Johnny Ringo is an American Western television series starring Don Durant that aired on CBS from October 1, 1959, until June 30, 1960. It is loosely based on the life of the notorious gunfighter and outlaw Johnny Ringo, also known as John Peters Ringo or John B. Ringgold, who tangled with Wyatt Earp, Doc Holliday, and  Buckskin Franklyn Leslie.

Synopsis
This fictional account has Ringo putting aside his gunfighting ways to become the 27-year-old sheriff of fictitious Velardi in the Arizona Territory. Ringo has two deputies: William Charles, Jr., or Cully, played by Mark Goddard and Case Thomas, portrayed by Terence De Marney, who is also a storekeeper and formerly the town drunk. Case is killed in a robbery in the episode "Border Town", which aired on March 17, 1960. Case's daughter, Laura Thomas, played by Karen Sharpe, is Ringo's girlfriend in the series. Michael Hinn appeared in nine episodes as George Haig.
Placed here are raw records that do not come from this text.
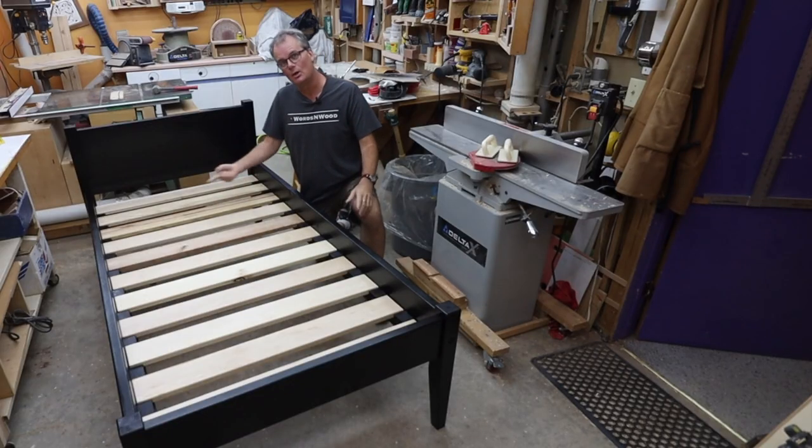Here's the finished piece, all ready to go upstairs to my son's room. Thanks for sticking through to the very end. If you're interested in more bedroom furniture, I'll put a playlist up there of my other bedroom furniture projects — I've got some dressers, some nightstands, that sort of thing. Check out one of those, and we'll see you on the next one.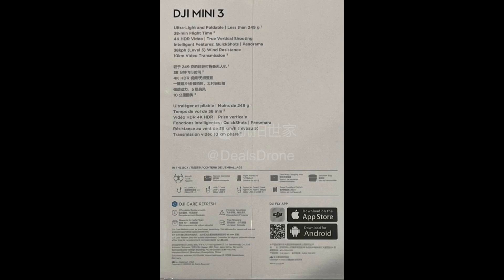Just today, thanks to our great friend Deal Strong, he was able to get his hands on images of the actual box of this brand new DJI Mini 3. We all know this non-pro version is going to be a little cheaper than the Mini 3 Pro. The main difference we knew of was that the Mini 3 Pro has obstacle avoidance and this Mini 3 does not. Now let's find out if there are any other major differences.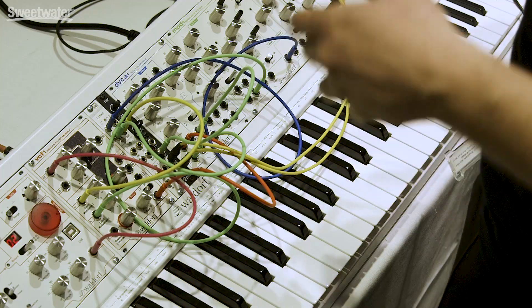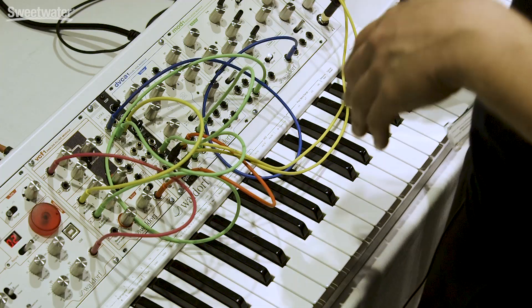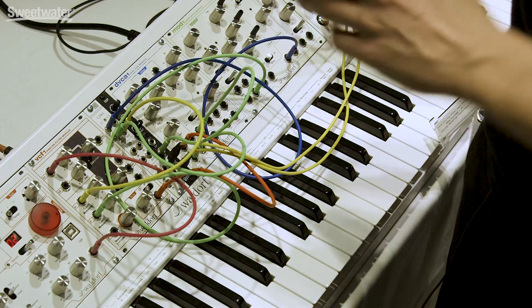The Mod 1 modulator module from Waldorf is a Eurorack module that is so much more than just a modulator. There are three different paths that can independently run modulation in your system, two of which are looping function generators with the ability to go linear or exponential, and the ability to square out your modulation signal.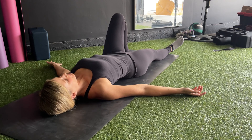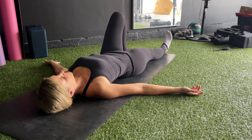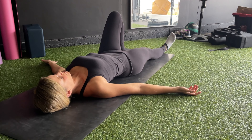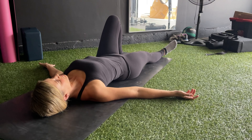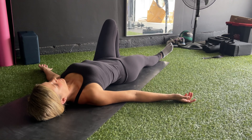Rotate foot internally and externally at the hip joint. Focus on keeping your toes pulled back and tight thigh throughout the entire movement. Perform three sets of 20 reps on each side to restore functional mobility in your hips.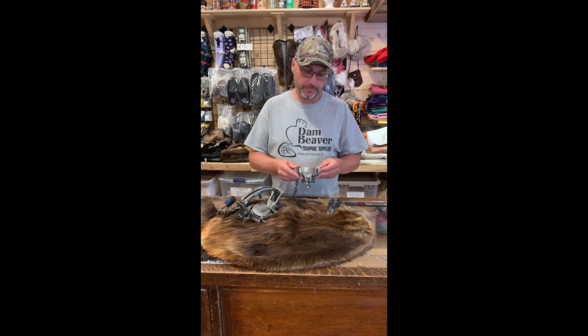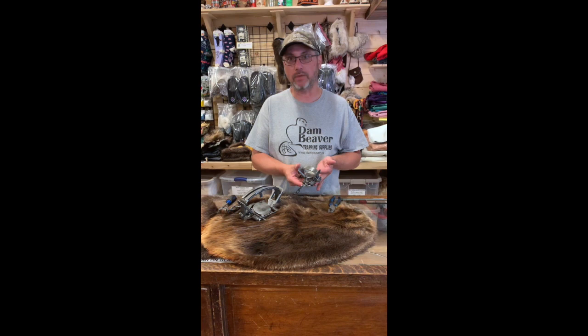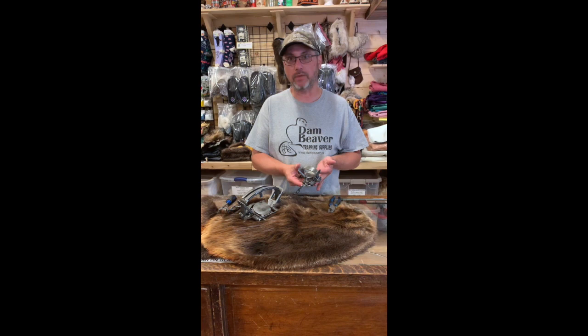Good morning. Here's a Dan Beaver tip of the week. A lot of traps come from the factory with the pan tension just super tight. That's so that the pan doesn't fall off in shipping. We get phone calls saying my traps don't work — it doesn't fire.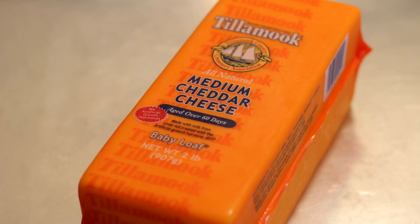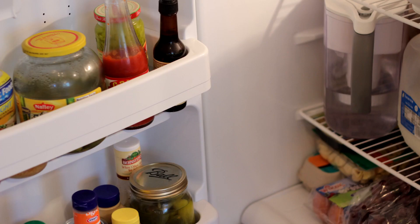Hi, I'm Pete Dryden and I'm going to show you how to prevent mold on cheese. Things you will need: cheese, plastic wrap, and a refrigerator.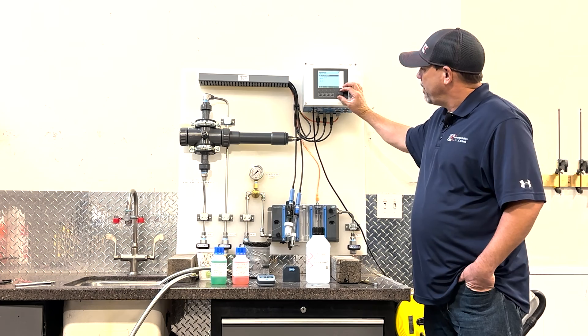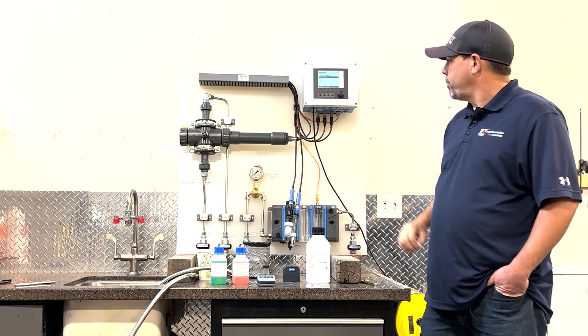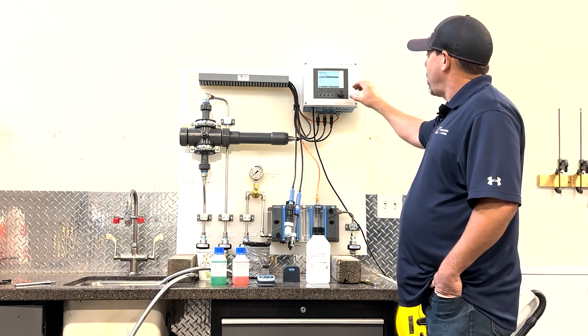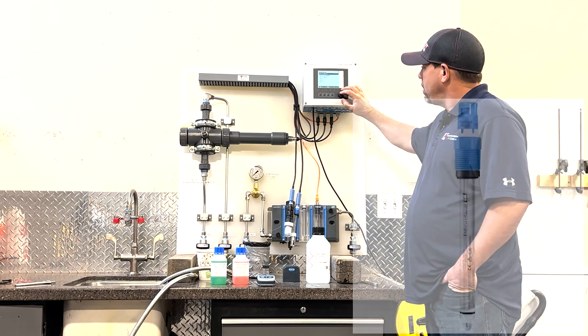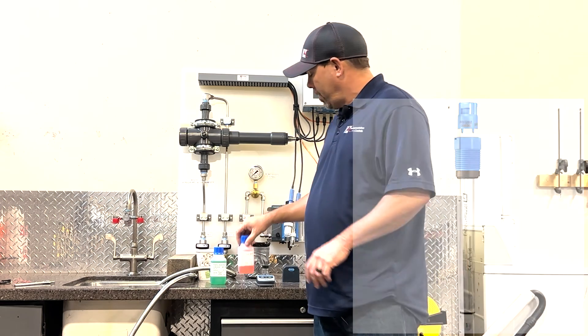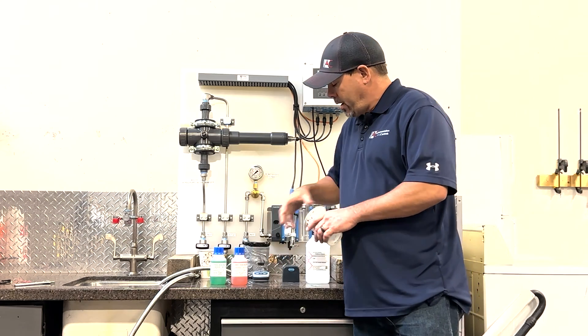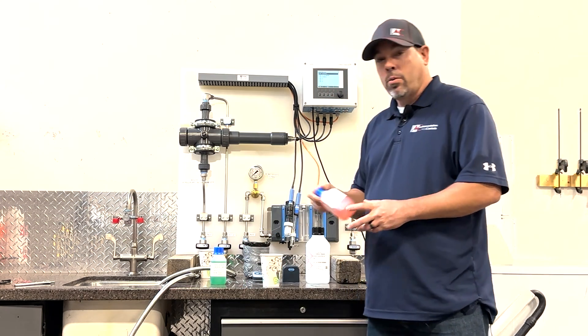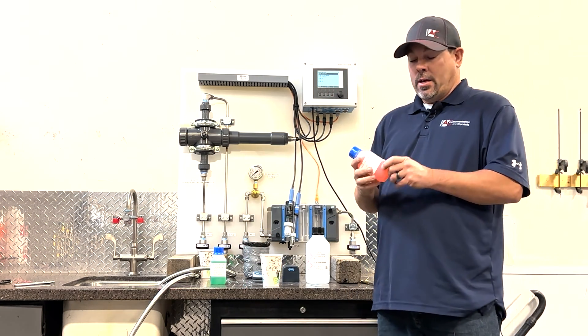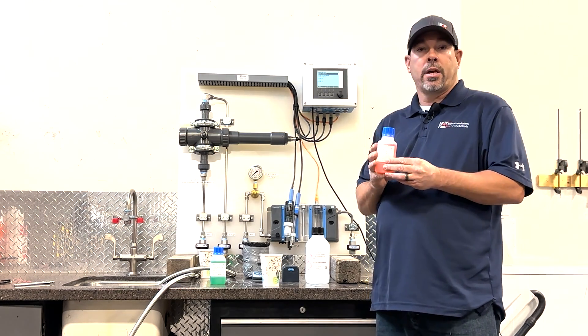We have three sensors here: pH glass, free chlorine, and nitrate. We will start off with pH. We're going to prep our solution — we have a 4 and a 7. We're going to use some cups for the solution. One thing you're going to want to do is check the expiration date to make sure the solution is not expired.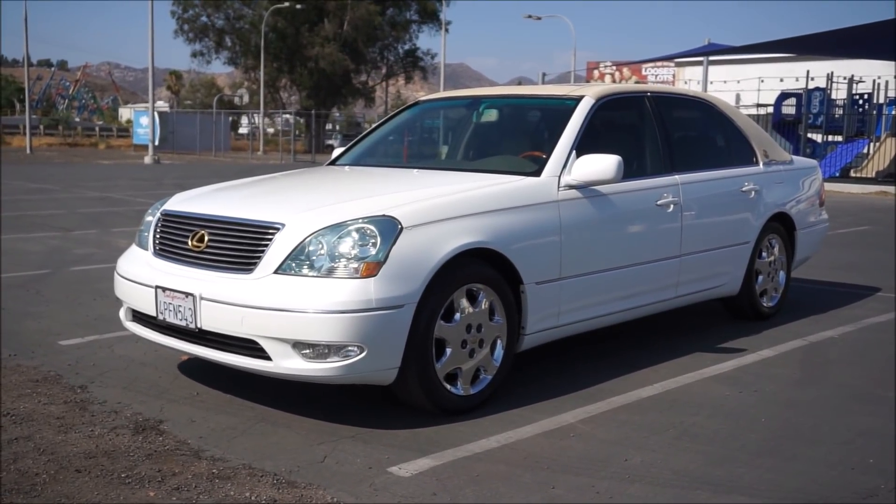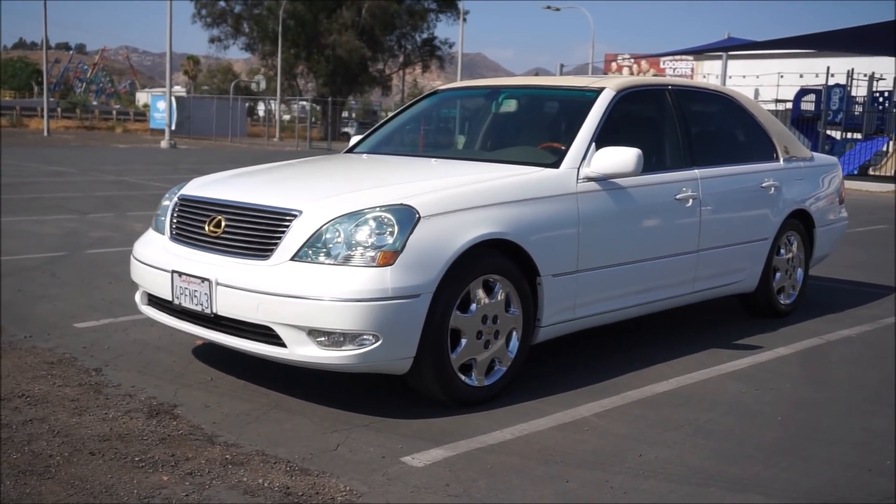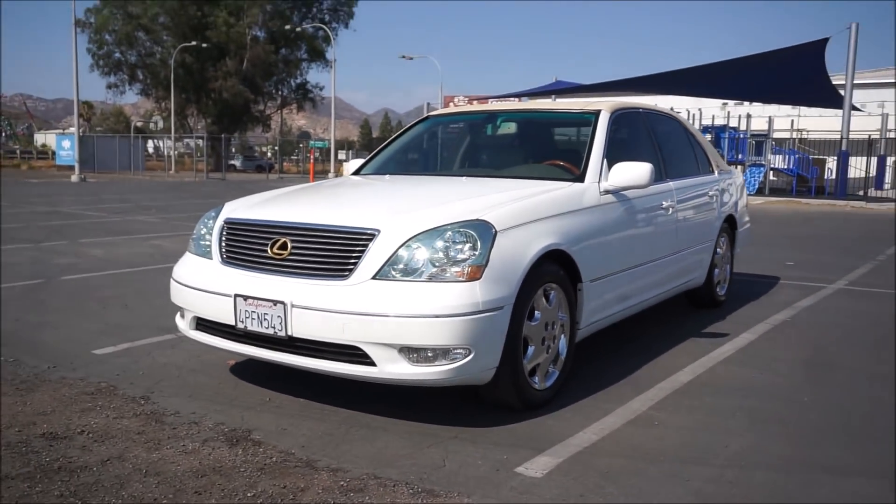Welcome to One on a Car Guy, oneownercarguy.com. What I've got here for you today is an absolutely beautiful 2001 Lexus LS430.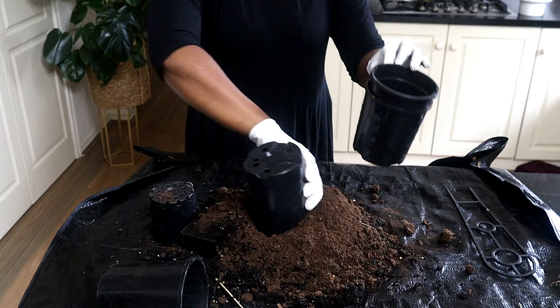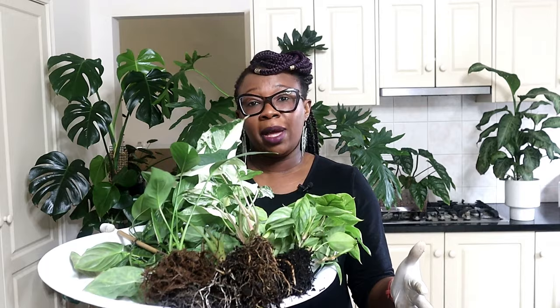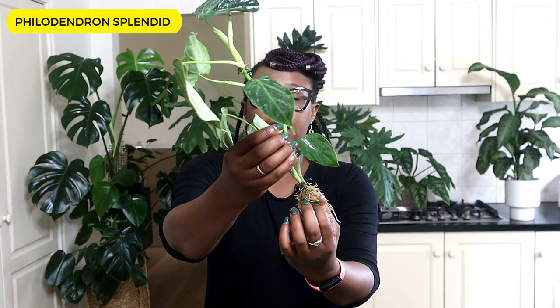This is all the soil that's come out of all those pots. I have taken all the plants out of their pots, removed as much organic matter as I could gently with my hands, and I'm now going to take them outside and rinse them off to make sure all the organic matter is gone.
In the episode entitled "The Posse", Richard Devon plays Jessie Mead, a former Ringo friend who storms into town asking that he be jailed for protection from a pursuing posse, which Mead claims is really a lynch mob. Mead breaks a storefront glass to compel Ringo to arrest him. Actually, Mead has conspired with three others to rob the bank while the townspeople are diverted from their regular activities to pressure Ringo into turning Mead over to "the posse", the members of which are the other criminals. Ringo urges caution, but the irate townspeople want to take the matter into their own hands.

Cast

Main cast
 Don Durant as Johnny Ringo
 Mark Goddard as Cully
 Karen Sharpe as Laura Thomas
 Terence De Marney as Case Thomas

Guest cast
Charles Aidman, John Anderson, Raymond Bailey, Whit Bissell, Willis Bouchey, Lane Bradford, Dyan Cannon, John Carradine (as the lead in the episode "The Rain Man"), Conlan Carter, Lon Chaney, Jr., James Coburn, Tim Considine, Ben Cooper, Robert Culp (as Clay Horne in the series finale, "Cave-In")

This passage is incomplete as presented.